Effect of MXene Reinforcement on Bending Behavior of Glass Fiber-Epoxy Based Laminated Composites

MXene, a 2D transition metal carbide and nitrides with graphene-like structure, have grabbed considerable attention owing to certain inherent advantages such as a high specific surface area, high processability, surface chemistry and quantum size effect. MXene has tremendous potential as a reinforcement, especially for polymer composites. In the current study, experimental and numerical characterization of MXene (Ti3C2Tx) reinforced glass fiber-epoxy laminated nanocomposites has been carried out. The glass fiber-epoxy laminated nanocomposites reinforced with varying amount of MXene were fabricated using vacuum assisted hand layup technique and subsequently three-point bending and microhardness test was performed in order to assess their mechanical properties.

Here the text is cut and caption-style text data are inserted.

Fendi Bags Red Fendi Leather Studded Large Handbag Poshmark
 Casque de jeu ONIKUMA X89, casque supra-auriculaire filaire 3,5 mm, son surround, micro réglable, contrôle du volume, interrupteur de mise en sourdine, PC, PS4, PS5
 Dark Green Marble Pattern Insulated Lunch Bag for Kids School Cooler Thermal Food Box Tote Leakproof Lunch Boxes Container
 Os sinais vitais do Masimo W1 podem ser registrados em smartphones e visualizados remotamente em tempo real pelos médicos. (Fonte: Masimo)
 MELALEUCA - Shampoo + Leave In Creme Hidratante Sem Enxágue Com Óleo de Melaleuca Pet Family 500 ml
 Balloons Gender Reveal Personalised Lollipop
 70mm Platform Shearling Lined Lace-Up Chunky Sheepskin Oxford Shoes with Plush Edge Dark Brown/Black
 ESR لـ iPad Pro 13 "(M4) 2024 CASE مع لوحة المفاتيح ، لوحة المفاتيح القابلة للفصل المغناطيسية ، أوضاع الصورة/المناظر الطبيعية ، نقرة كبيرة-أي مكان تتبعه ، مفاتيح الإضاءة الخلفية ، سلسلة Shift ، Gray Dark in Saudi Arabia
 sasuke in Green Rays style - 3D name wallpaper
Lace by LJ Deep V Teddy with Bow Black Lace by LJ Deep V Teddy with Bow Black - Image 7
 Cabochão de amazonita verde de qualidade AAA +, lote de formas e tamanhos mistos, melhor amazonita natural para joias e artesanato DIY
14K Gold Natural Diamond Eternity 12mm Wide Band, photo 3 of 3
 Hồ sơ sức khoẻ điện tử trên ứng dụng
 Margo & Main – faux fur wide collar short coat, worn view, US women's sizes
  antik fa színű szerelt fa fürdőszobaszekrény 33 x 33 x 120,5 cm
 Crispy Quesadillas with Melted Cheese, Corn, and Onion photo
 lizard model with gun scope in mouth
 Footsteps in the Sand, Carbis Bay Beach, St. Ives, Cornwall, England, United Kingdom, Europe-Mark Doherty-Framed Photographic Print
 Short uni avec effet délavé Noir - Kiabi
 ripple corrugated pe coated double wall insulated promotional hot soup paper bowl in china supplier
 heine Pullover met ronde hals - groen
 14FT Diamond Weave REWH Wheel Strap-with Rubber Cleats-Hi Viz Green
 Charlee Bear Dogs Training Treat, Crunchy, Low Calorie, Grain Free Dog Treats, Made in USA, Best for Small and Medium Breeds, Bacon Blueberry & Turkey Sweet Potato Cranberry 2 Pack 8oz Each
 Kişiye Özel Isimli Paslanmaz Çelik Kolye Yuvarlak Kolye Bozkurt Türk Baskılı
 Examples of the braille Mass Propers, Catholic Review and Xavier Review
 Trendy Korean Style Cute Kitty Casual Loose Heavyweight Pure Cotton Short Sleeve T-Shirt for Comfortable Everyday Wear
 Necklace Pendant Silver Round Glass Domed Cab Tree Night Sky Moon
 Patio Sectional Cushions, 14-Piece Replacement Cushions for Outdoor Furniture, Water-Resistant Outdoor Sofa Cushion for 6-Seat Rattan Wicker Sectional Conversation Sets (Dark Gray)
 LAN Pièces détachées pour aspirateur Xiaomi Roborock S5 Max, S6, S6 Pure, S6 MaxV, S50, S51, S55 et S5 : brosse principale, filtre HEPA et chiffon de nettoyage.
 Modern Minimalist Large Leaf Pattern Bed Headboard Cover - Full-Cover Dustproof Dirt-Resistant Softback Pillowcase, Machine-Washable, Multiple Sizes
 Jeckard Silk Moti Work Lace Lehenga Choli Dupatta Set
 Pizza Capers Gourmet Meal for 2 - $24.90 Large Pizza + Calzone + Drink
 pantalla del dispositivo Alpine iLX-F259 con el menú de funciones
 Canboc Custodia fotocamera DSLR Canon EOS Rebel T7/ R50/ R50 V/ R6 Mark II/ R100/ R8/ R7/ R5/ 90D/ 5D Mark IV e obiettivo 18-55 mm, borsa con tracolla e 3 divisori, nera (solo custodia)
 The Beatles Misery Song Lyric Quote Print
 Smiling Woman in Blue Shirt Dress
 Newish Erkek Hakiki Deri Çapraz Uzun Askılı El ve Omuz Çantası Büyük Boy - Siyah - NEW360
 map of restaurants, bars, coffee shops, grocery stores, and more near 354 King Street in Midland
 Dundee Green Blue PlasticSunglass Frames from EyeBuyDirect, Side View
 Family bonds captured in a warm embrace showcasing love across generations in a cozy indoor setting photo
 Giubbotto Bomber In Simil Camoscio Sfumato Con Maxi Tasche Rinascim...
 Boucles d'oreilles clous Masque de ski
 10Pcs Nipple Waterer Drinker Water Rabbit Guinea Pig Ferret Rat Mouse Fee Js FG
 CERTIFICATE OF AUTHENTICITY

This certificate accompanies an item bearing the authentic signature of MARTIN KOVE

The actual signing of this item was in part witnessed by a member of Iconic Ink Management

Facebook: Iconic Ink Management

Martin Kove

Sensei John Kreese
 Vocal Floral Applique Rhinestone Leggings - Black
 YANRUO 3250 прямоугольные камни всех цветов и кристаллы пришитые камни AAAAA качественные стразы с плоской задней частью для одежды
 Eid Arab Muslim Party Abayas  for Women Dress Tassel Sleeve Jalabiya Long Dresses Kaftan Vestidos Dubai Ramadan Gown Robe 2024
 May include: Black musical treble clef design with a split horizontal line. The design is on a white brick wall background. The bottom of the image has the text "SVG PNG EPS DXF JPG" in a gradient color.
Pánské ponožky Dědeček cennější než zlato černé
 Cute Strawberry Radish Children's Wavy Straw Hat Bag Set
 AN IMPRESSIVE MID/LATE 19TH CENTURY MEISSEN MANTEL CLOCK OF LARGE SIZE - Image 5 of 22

Furthermore, the laminated nanocomposites were modelled in ANSYS ACP and their bending properties were characterized and verified experimentally. A very good agreement was observed between the numerical and experimental investigations. It was also observed that incorporation of MXene led to a significant enhancement in the flexural properties and hardness of the glass fiber-epoxy laminated composite; the flexural strength of 0.5 wt% MXene reinforced composite exhibited 37% higher flexural strength and 30% higher microhardness as compared to the neat epoxy laminated composite.